The boundaries and relationships between these areas are continually shifting, as new hardware, software and marketing combine to improve existing services and to create new industries, and as companies announce strategic alliances, partnerships and mergers.

In a situation as tumultuous and volatile as telecommunications, it's not clear how to define the market clearly. This poses a problem, because if you can't define a market properly, you can't determine how much competition exists.

In a famous 1956 court case, for example, the Du Pont company was accused of monopolizing the market for cellophane. Its defense was that cellophane was just part of a larger market for "flexible wrapping paper," and so even if Du Pont controlled almost all cellophane sales, it faced considerable competition in the wrapping paper market. The Supreme Court agreed with that defense.

The telecommunications deregulation bills are based on the notion that if we look at the players in telecommunications one at a time - for example, separating cable TV, broadcast TV, local phone service and long-distance - we are committing "the cellophane fallacy." That is, we're focusing on a narrow slice, rather than on the larger relevant market.

Thus, the deregulation bills would break down the barriers between the different players in the budding telecommunications industry. Cable TV and long-distance companies could provide local phone service. Local phone companies could compete in the long-distance market, albeit under certain restrictions. In rural areas, local phone companies could buy local cable systems. In the Senate bill, electric utilities could provide phone and cable services.

The current restrictions on one company owning only a limited number of radio stations would be eliminated, while the restrictions on owning a number of TV stations would be loosened. The House would also allow a single company to combine TV, radio, cable and newspaper operations in various ways.

Finally, both the House and Senate bills would deregulate the rates of small cable TV systems immediately and move toward deregulating the rates of larger ones.

This brief description should illustrate that these bills aren't about deregulating an existing industry.

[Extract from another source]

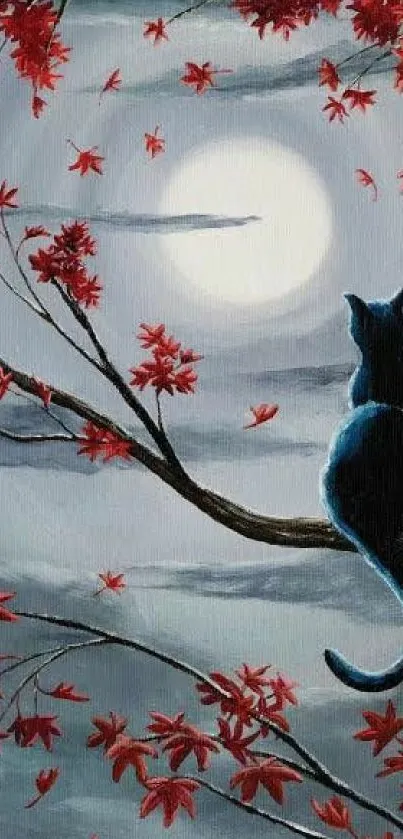 Black cat on a branch under moonlight with red leaves.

Instead, these bills embody the hope and belief that it is becoming technologically feasible for a group of companies that haven't traditionally competed against each other to begin doing so.

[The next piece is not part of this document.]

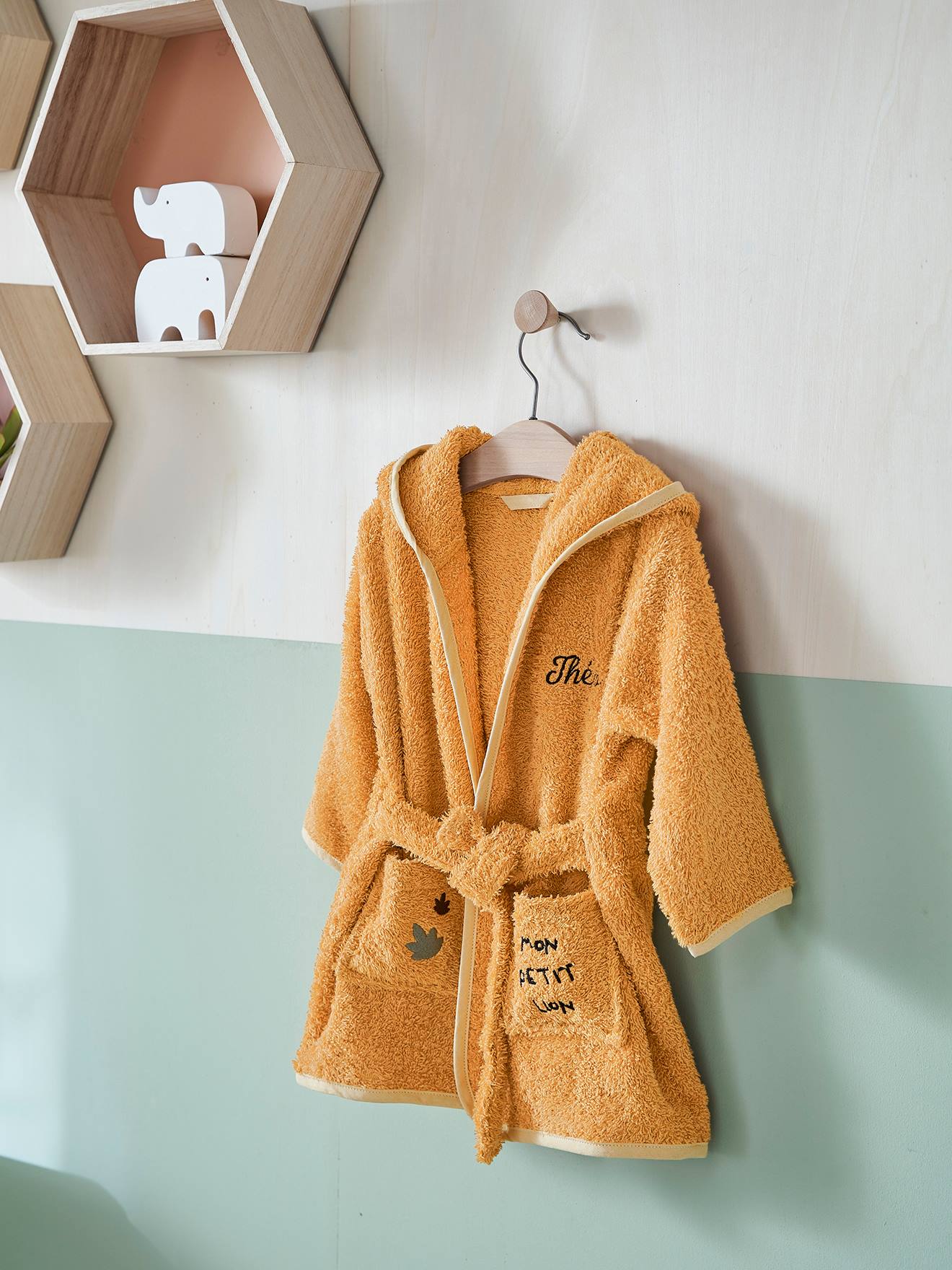 Peignoir bébé personnalisable Lion camel (Vertbaudet) - Image 1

Yet the ultimate shape of competition in telecommunications remains unclear. Who can know what technologies will exist? What products will be invented? What people will like best? Or how the most efficient companies will be structured?

Since the boundaries of the several markets that overlap with telecommunications are so muddled, it's impossible to know what sort of industrial structure and government regulation will be in the long-term national interest. However, a general guideline is that deregulation only works, whether in telecommunications or any other industry, when sufficient competition exists within the relevant market.

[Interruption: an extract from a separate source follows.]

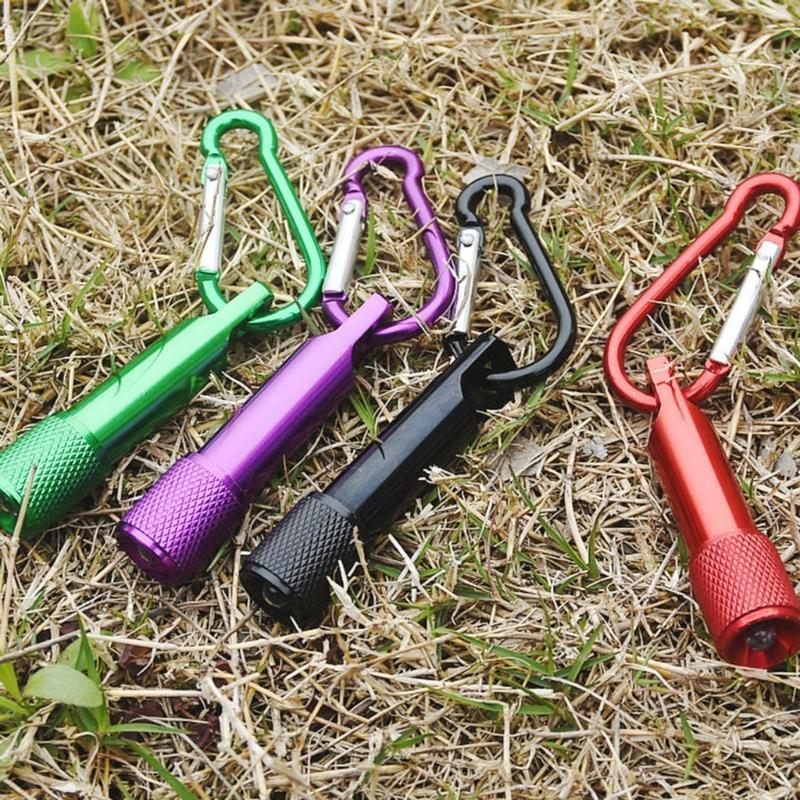 5 Pezzi Mini Torcia Portachiavi Torcia LED Colorata con Moschettone Batterie AA Incluse per Campeggio Escursionismo Ciclismo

My guess is that there is plenty of competition for providing the content of what is broadcast and communicated. In this area, it makes sense for government to set technical standards that encourage open competition, and then to step back and let competition flow.

However, for intensive two-way communication, most homes and businesses still depend in some way on a hook-up to their local Baby Bell phone company. It makes sense to explore the possibility of developing alternative connections, perhaps through the cable TV lines, or wireless technologies, or alternative sets of lines. But until users have as much choice in their local telecommunications hookup as they do in their long-distance phone service or their airline tickets, some continued government regulation will be necessary.

By and large, the telecommunications bills are a reasonable step toward a substantial prize. President Clinton's Council of Economic Advisers has estimated that an ideal telecommunications reform, by improving the information flow throughout the economy, could add $100 billion to economic growth over the next decade.